PUBLISHED: 18:00 29 July 2015

Councillors walk through Newham blindfolded

Councillors walk through Newham blindfolded

Archant

Local councillors put themselves in the shoes of blind and partially sighted residents by taking part in a blindfold walk through Forest Gate.

The Royal National Institute of Blind People (RNIB) organised the event, in Green Street, as part of the charity’s Street Accessibility programme.

Councillors taking part last week included Green Street Community Neighbourhood Lead Hanif Abdulmuhit, Tahmina 
Rahman, Obaid Khan, and Charity Fiberesima.

The aim of the event was to highlight the growing problem of street obstacles including bollards, advertising boards, bins, and cars parked on pavements.

Mohammed Mohsan Ali, who is registered blind, has been campaigning to highlight the dangers of unsafe pedestrian crossings and street obstacles.

He said: “It was good to meet with the councillors and share my experiences with them.

“I think the blindfold walk gave them a better understanding of how street obstacles can cause difficulty for blind or partially sighted people in Newham.”

Statistics revealed by the charity show that a third of blind and partially sighted people across the country had injured themselves when walking around their local areas.

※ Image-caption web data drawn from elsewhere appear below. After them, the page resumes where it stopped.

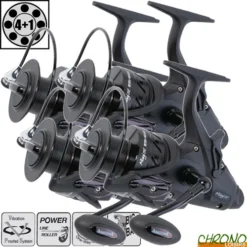 Moulinet Anaconda Débrayable Magist BTR-6000 (les 4)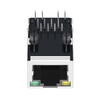 RTA-143BTK1A Compatible LINK-PP LPJ6028BGNL 10/100 Base-T Single Port RJ45 Jack Tab Up Yellow/Green Led thumb image 2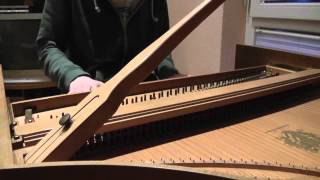 Menuett in GDur Johann Sebastian Bach [upl. by Ressler]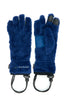 and wander High Loft Fleece Gloves - Blue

Overall, 95 per cent of people said that they had collided with an obstacle while walking.

RNIB’s chief executive Lesley-Anne Alexander CBE said: “If decision makers understand how blind and partially sighted people navigate the streets, and take that into consideration, they could help tackle one of the biggest barriers faced today by people with sight loss.

“We hope these events will encourage local authorities to engage with blind and partially sighted people in their area and develop a street charter that puts a clear highway policy at the heart of it.”

RNIB has produced a Street Charter toolkit, collaborating with blind people on what changes they want to see in their local areas.

A spokeswoman said: “Each charter can be based on local needs such as focusing on banning advertising boards, or cracking down on pavement parking, or removing unnecessary street furniture.”